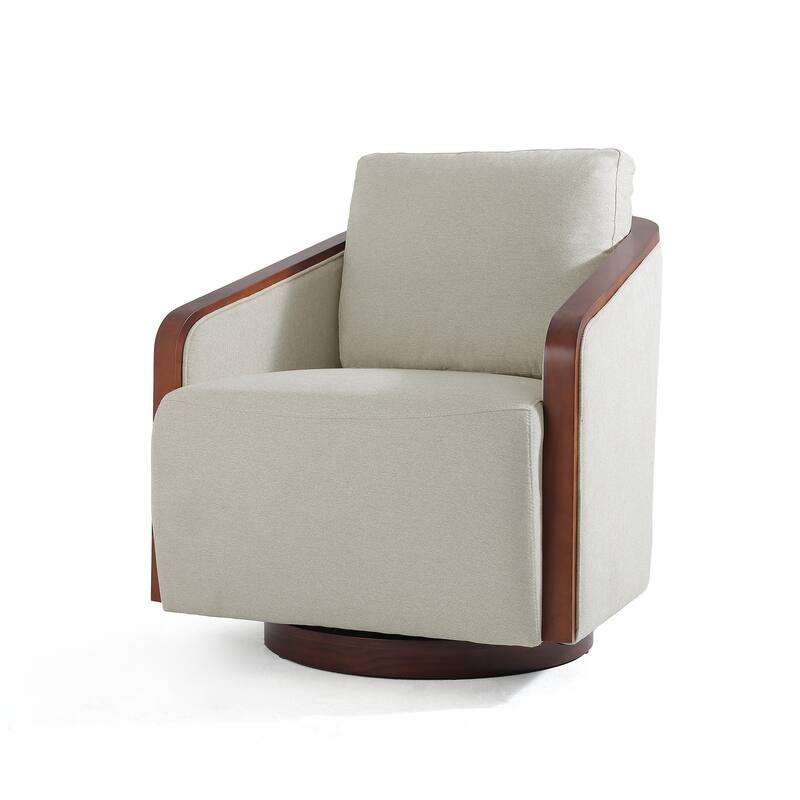 Chenille Modern 360°Swivel Barrel Chair Round Base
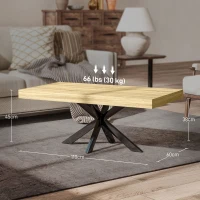 HOMCOM Rechteckiger Couchtisch Beistelltisch im Industriestil aus schwarzem Metall und Holzoptik-Tablett - Maße 110 x 60 x 45 cm(m-3)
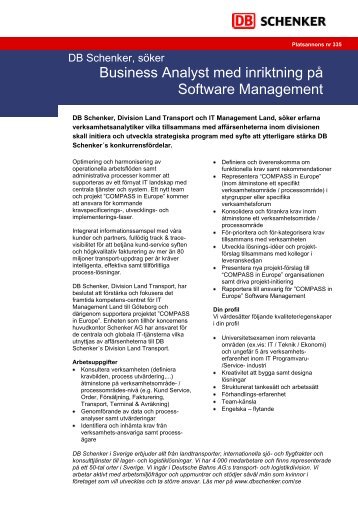 Business Analyst med inriktning pÃ¥ Software Management - Schenker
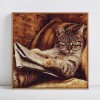 Amazing Cat Reading Newspaper Diamond Art Kit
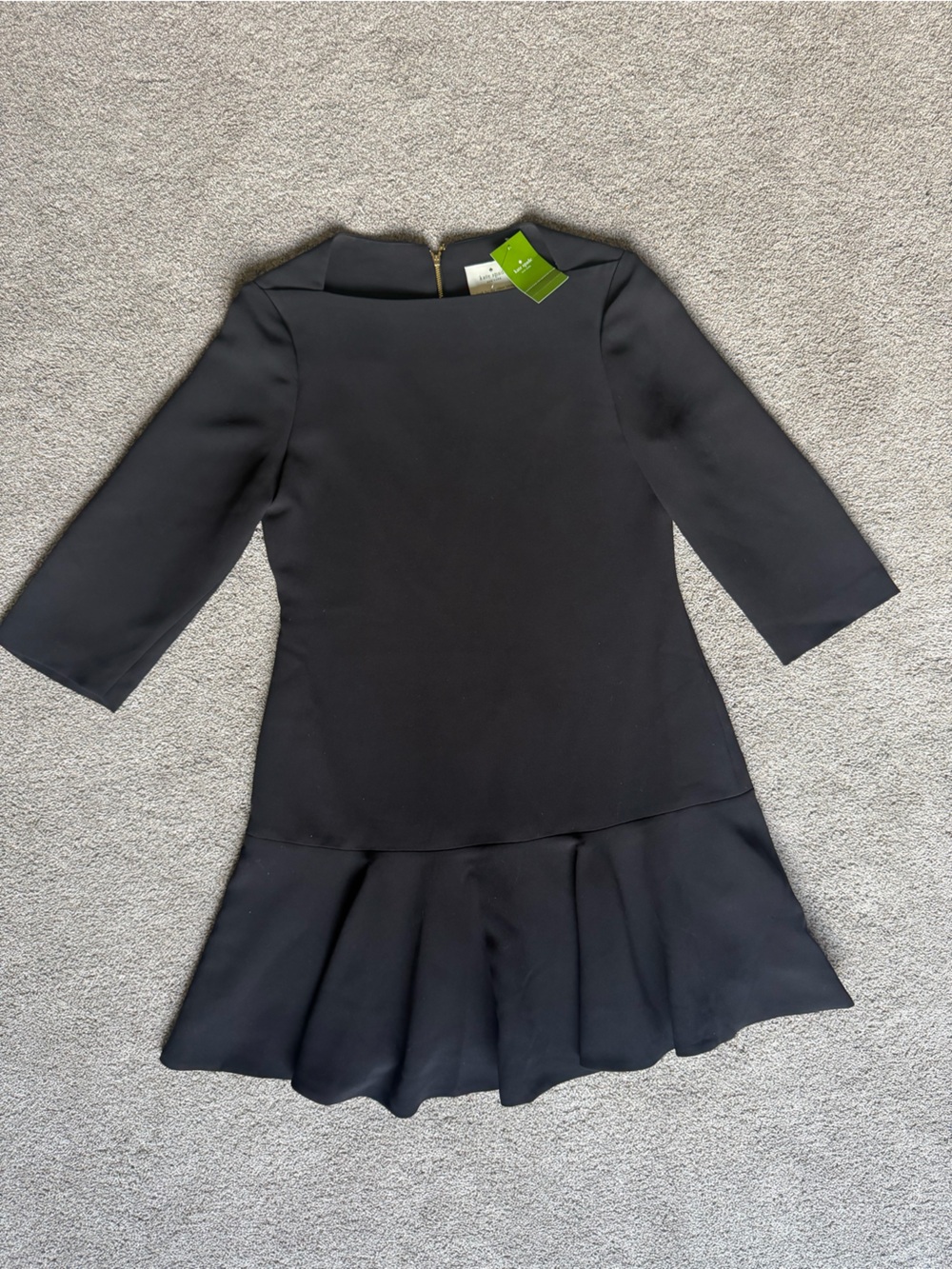Kate Spade NWT Black Crepe Flounce 3/4 Sleeve Mini Dress Size 2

### EXERCISE BRIEF
Pictures stay out; everything else in the records gets copied exactly.

### TASK RESULT
 Chenille Modern 360°Swivel Barrel Chair Round Base
 HOMCOM Rechteckiger Couchtisch Beistelltisch im Industriestil aus schwarzem Metall und Holzoptik-Tablett - Maße 110 x 60 x 45 cm(m-3)
 Business Analyst med inriktning pÃ¥ Software Management - Schenker
 Amazing Cat Reading Newspaper Diamond Art Kit
Kate Spade NWT Black Crepe Flounce 3/4 Sleeve Mini Dress Size 2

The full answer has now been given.